**TASK INSTRUCTIONS:**
Please reproduce the listing verbatim, without its images.

**SOURCE DATA:**
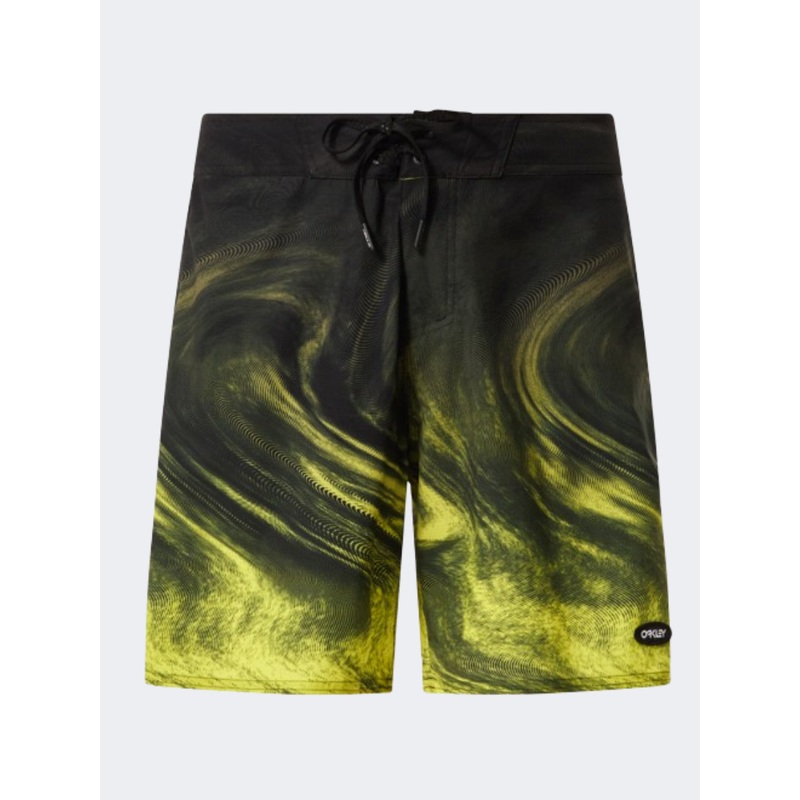 Oakley Cosmic Tides 18 Inch Men Beach Swim Short Swirl Black/Yellow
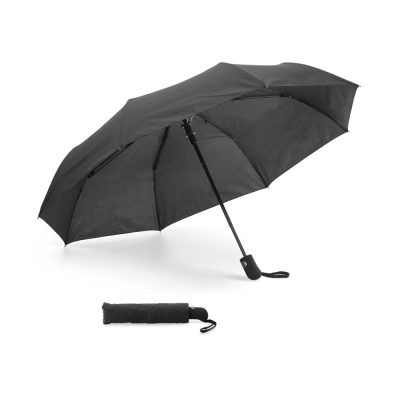 Guarda-chuva dobrável em pongee 190T e pega revestida a borracha. O guarda-chuva dobrável em 3 secções é à prova de vento e tem abertura automática. Fornecido em bolsa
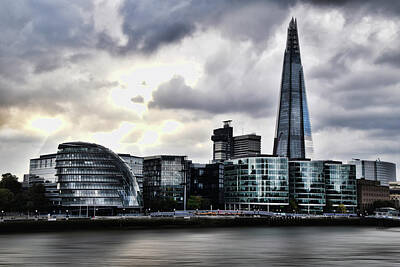 Recently Sold - London Skyline Photos - London skyline with City Hall and The Shard by Mihaela Pater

**SOLUTION:**
 Oakley Cosmic Tides 18 Inch Men Beach Swim Short Swirl Black/Yellow
 Guarda-chuva dobrável em pongee 190T e pega revestida a borracha. O guarda-chuva dobrável em 3 secções é à prova de vento e tem abertura automática. Fornecido em bolsa
 Recently Sold - London Skyline Photos - London skyline with City Hall and The Shard by Mihaela Pater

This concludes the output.